Which lines run from the one containing "E.R. Wagner 1F8805C26002190" to the end of the material below? Copy them exactly, pictures excluded.

== Segment start ==

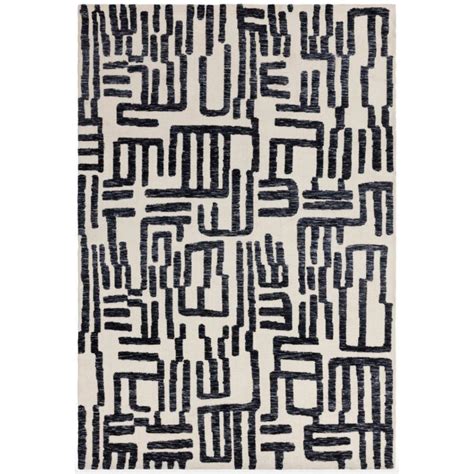 Tapis Moderne Abstrait Noir Et Blanc Script Brasilia Par Joseph Lebon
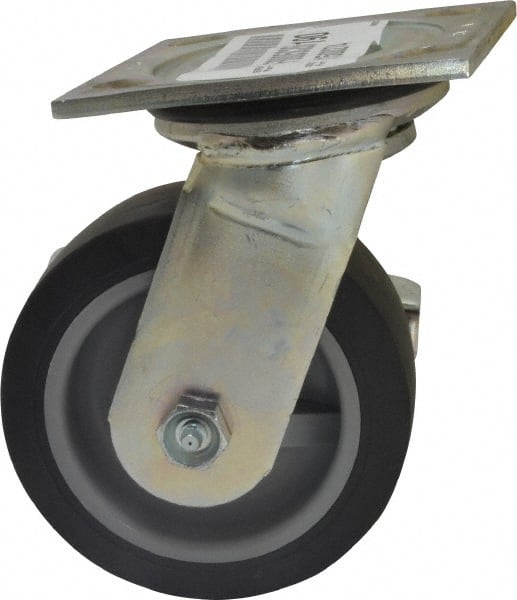 E.R. Wagner 1F8805C26002190 Swivel Top Plate Caster: Thermoplastic Rubber, 5" Wheel Dia, 2" Wheel Width, 325 lb Capacity, 6-1/2" OAH 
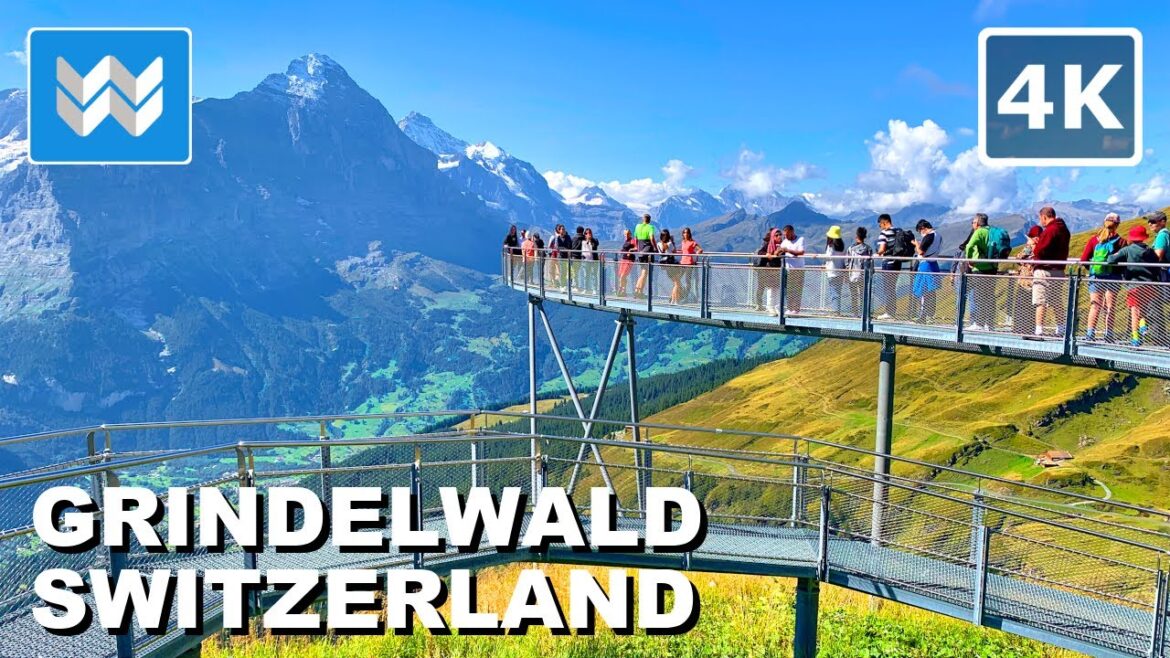 [4K] First Cliff Walk in Grindelwald Switzerland 🇨🇭 2022 Thrill Walking Tour & Travel Guide 🎧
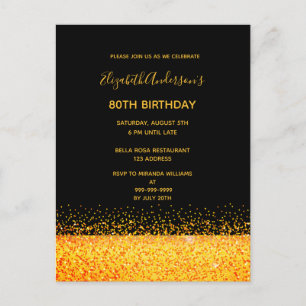 80e anniversaire fête or noir brillant invitation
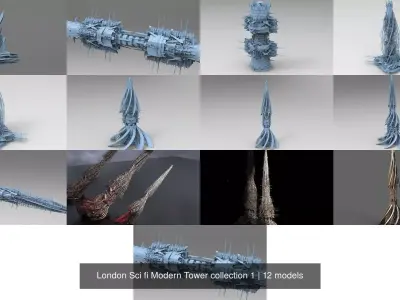 London Sci fi Modern Tower collection 1 3D Model Pack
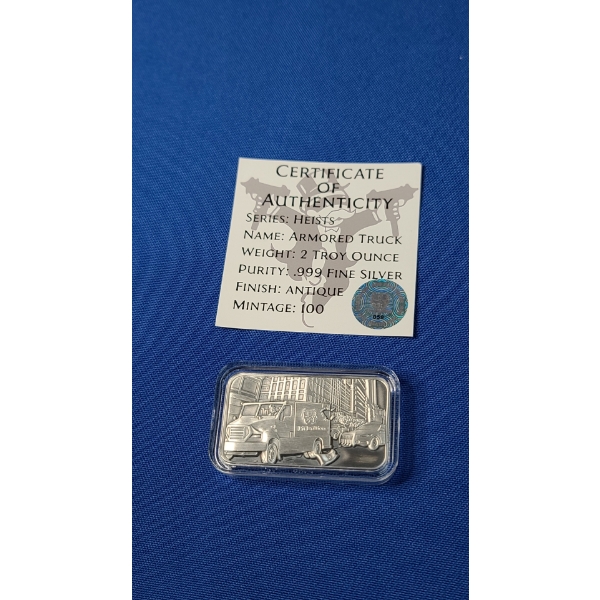 Pit Bullion 2 Troy Ounce .999 Fine Silver Bar With Antique Finish- Pit Bullion Bank 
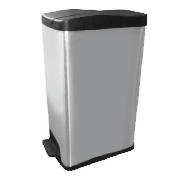 Unbranded Slimline polished stainless steel bin 40L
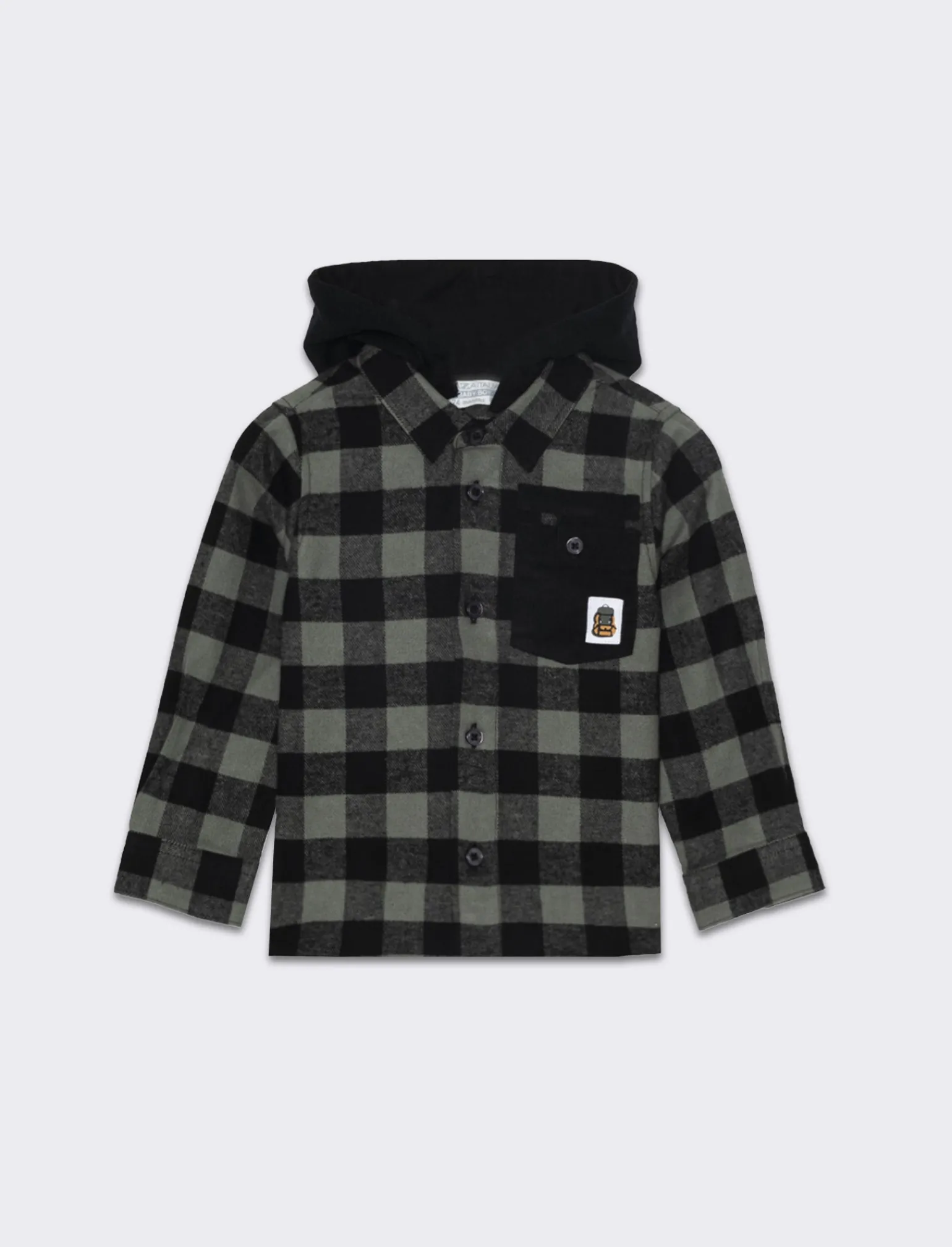 Piazza Italia Neonato | Camicie<Camicia in flanella con cappuccio con bottoncini e tasca in velluto - Fantasia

== Segment end ==

◆ **WRITTEN SOLUTION**
 E.R. Wagner 1F8805C26002190 Swivel Top Plate Caster: Thermoplastic Rubber, 5" Wheel Dia, 2" Wheel Width, 325 lb Capacity, 6-1/2" OAH 
 [4K] First Cliff Walk in Grindelwald Switzerland 🇨🇭 2022 Thrill Walking Tour & Travel Guide 🎧
 80e anniversaire fête or noir brillant invitation
 London Sci fi Modern Tower collection 1 3D Model Pack
 Pit Bullion 2 Troy Ounce .999 Fine Silver Bar With Antique Finish- Pit Bullion Bank 
 Unbranded Slimline polished stainless steel bin 40L
 Piazza Italia Neonato | Camicie<Camicia in flanella con cappuccio con bottoncini e tasca in velluto - Fantasia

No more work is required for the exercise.